WHAT IS EXPECTED: Would you output the entries below only from the line containing "Ancient Chinese Bronze" through the line containing "Screw Adjustable Ring", exactly as they stand and with both ends included?

[Records from a dataset]
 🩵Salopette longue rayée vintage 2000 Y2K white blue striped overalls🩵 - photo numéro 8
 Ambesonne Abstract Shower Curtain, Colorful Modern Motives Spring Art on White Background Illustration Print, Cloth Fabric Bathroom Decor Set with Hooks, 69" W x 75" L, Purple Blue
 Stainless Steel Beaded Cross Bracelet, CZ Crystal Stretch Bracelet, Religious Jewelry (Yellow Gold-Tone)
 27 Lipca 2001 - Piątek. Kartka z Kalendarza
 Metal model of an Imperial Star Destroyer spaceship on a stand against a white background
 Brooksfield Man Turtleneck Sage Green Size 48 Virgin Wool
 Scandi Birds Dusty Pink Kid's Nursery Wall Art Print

...

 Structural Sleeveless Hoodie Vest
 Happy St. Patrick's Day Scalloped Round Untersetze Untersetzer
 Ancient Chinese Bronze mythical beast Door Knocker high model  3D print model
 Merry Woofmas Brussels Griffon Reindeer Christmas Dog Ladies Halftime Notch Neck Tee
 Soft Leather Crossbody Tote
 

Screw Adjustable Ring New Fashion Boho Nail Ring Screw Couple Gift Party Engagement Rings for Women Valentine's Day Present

TASK RESULT:
 Ancient Chinese Bronze mythical beast Door Knocker high model  3D print model
 Merry Woofmas Brussels Griffon Reindeer Christmas Dog Ladies Halftime Notch Neck Tee
 Soft Leather Crossbody Tote
 

Screw Adjustable Ring New Fashion Boho Nail Ring Screw Couple Gift Party Engagement Rings for Women Valentine's Day Present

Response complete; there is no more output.